El Don Juan de von Horváth, ¿busca a su otra mitad? ¿Se ha enamorado finalmente? Nada de eso parece dable en el contexto de la obra. El arte dramático, que en esta escenificación de Jorge Guerra está en su mejor forma, nos muestra cuán vanas suelen ser nuestras aspiraciones. Don Juan busca, ciertamente, pero no encuentra. Esto significa que no busca una presunta mitad perdida. Del mismo modo, parece desesperanzado, pero eso no significa que no sepa esperar, que es distinto. Los hombre "buenos" en realidad no esperan, no saben esperar. Tan sólo se esperanzan en un ideal predeterminado objetivamente, y a ese aferramiento quieren llamarle amor. Todo eso es bastante inútil cuando viene Don Juan –la fuerza vital que lo invade– y, como un sismo o como una guerra, devasta todo moralismo, toda pretendida seguridad.
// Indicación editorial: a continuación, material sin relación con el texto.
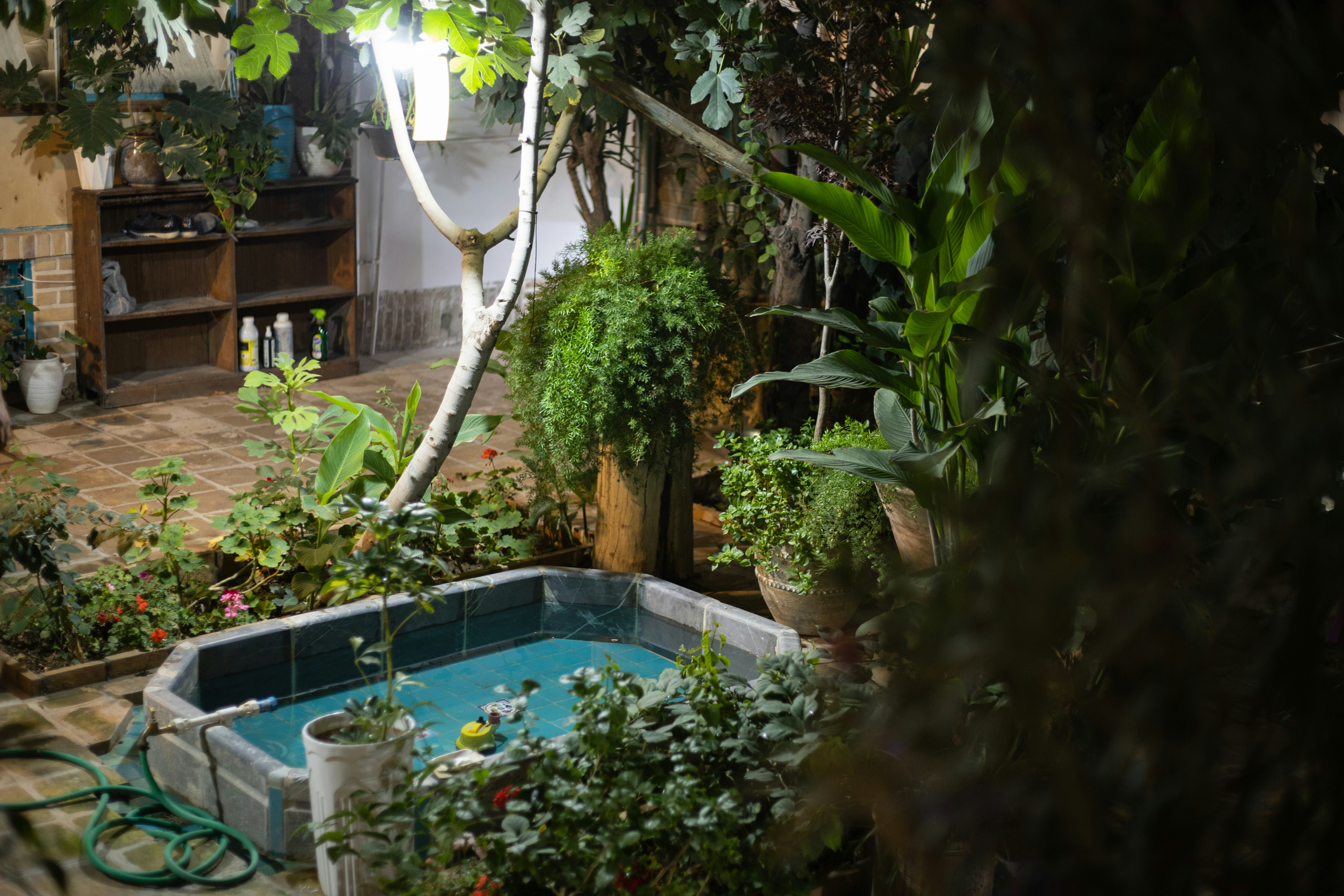 Photo by kavehrasooli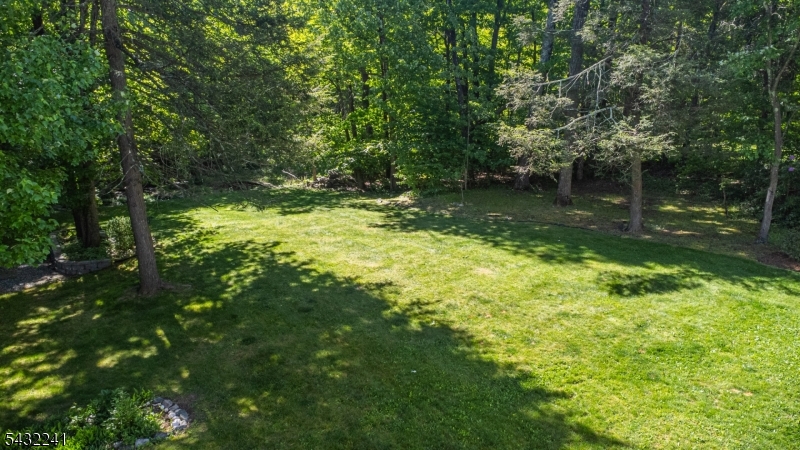 image45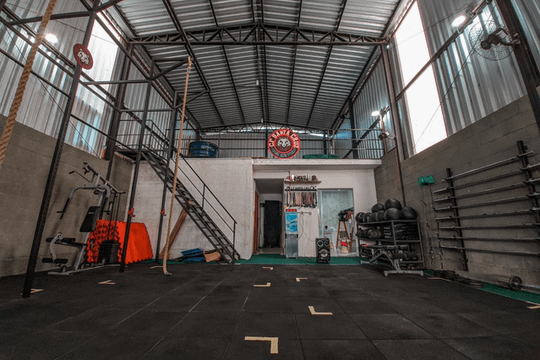 Imagem 3 da galeria do parceiro CF Santa Cruz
Von Horváth puede parecer quizá demasiado pesimista, al igual que Magritte, pero es a partir de ese reconocimiento de la finitud y la fragilidad del sentimiento que llamamos amor, que se puede empezar a disponer la propia existencia hacia un amor más libre. Don Juan es pues el paradigma de una estética del amor. De allí su importancia, incluso entre quienes lo rechazan. Como idea, es fácil pensar en él en terminos de pura sensibilidad o pura materialidad, pero la fuerza que representa y que se expresa en seres realmente existentes no es nunca una fuerza pura. En ella hay también cierta espiritualidad, cierta reflexión sobre quien se es y cierto juicio sobre lo que se hace (que si queremos podemos llamar "moral"). Esto significa que no carece de eventuales conflictos internos (el oleaje de fuerzas también es interno), pero ha aprendido a salir bien librado de ellos. La libertad sensible que se prescribe la naturaleza libre del Don Juan es también fuente de su serenidad espiritual. La atracción aparece casi por azar luego de esa serenidad de espíritu (ataraxía)**. No es que sea algo meramente pasivo, pues hay necesariamente actividad y fuerza en la conquista, pero no hay la imposición de quien se acostumbra a ver al amor en términos de compromiso irrenunciable, de fidelidad perpetua, de propiedad personal y de absoluta transparencia. Frente a eso, el amor se rebela y en esa liberación destroza espiritualmente a quien quiere apresarlo... los celos enfermizos, por ejemplo. Como los de Don José en la Carmen de Bizet, que no puede comprender ni mucho menos soportar el canto que la gitana ha puesto en práctica: L'amour est un oiseau rebelle... Quien ya lo haya intuido, comprenderá que lo aquí dicho quiere resaltar al Don Juan como un paradigma de la vida escéptica. Pues, como decía Nietzsche, suponiendo que la verdad es una mujer, uno no puede permitirse ser dogmático en cuestión de mujeres.***


* De allí lo demoníaco del seductor. Precisamente, según Kierkegaard, el mito del Don Juan tiene un origen cristiano, pues antes del cristianismo no habría habido esa disyuntiva en términos de carnalidad y espiritualidad. (Cf. Kierkegaard, S., O lo uno o lo otro. Un fragmento de vida, vol. 1.)
** El fin del escepticismo según Sexto Empírico, Esbozos pirrónicos.
*** Cf. Nietzsche, Friedrich, Más allá del bien y del mal, Prefacio.